BEGIN

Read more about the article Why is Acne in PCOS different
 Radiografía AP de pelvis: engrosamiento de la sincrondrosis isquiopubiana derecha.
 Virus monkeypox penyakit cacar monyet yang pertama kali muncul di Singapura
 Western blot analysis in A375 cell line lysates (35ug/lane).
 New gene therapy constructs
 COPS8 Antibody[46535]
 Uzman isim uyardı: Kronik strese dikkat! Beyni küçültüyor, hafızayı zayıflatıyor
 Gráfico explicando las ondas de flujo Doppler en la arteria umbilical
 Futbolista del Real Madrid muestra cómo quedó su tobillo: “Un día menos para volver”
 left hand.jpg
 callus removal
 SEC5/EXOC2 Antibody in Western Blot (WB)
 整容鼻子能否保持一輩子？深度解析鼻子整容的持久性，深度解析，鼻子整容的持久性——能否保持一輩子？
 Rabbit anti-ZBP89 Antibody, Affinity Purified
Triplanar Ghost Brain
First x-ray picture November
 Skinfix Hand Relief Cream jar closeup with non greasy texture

END

Give back exactly the lines from the one with "Uzman isim uyardı: Kronik" through the final line of the material, both ends included, and no others.

 Uzman isim uyardı: Kronik strese dikkat! Beyni küçültüyor, hafızayı zayıflatıyor
 Gráfico explicando las ondas de flujo Doppler en la arteria umbilical
 Futbolista del Real Madrid muestra cómo quedó su tobillo: “Un día menos para volver”
 left hand.jpg
 callus removal
 SEC5/EXOC2 Antibody in Western Blot (WB)
 整容鼻子能否保持一輩子？深度解析鼻子整容的持久性，深度解析，鼻子整容的持久性——能否保持一輩子？
 Rabbit anti-ZBP89 Antibody, Affinity Purified
Triplanar Ghost Brain
First x-ray picture November
 Skinfix Hand Relief Cream jar closeup with non greasy texture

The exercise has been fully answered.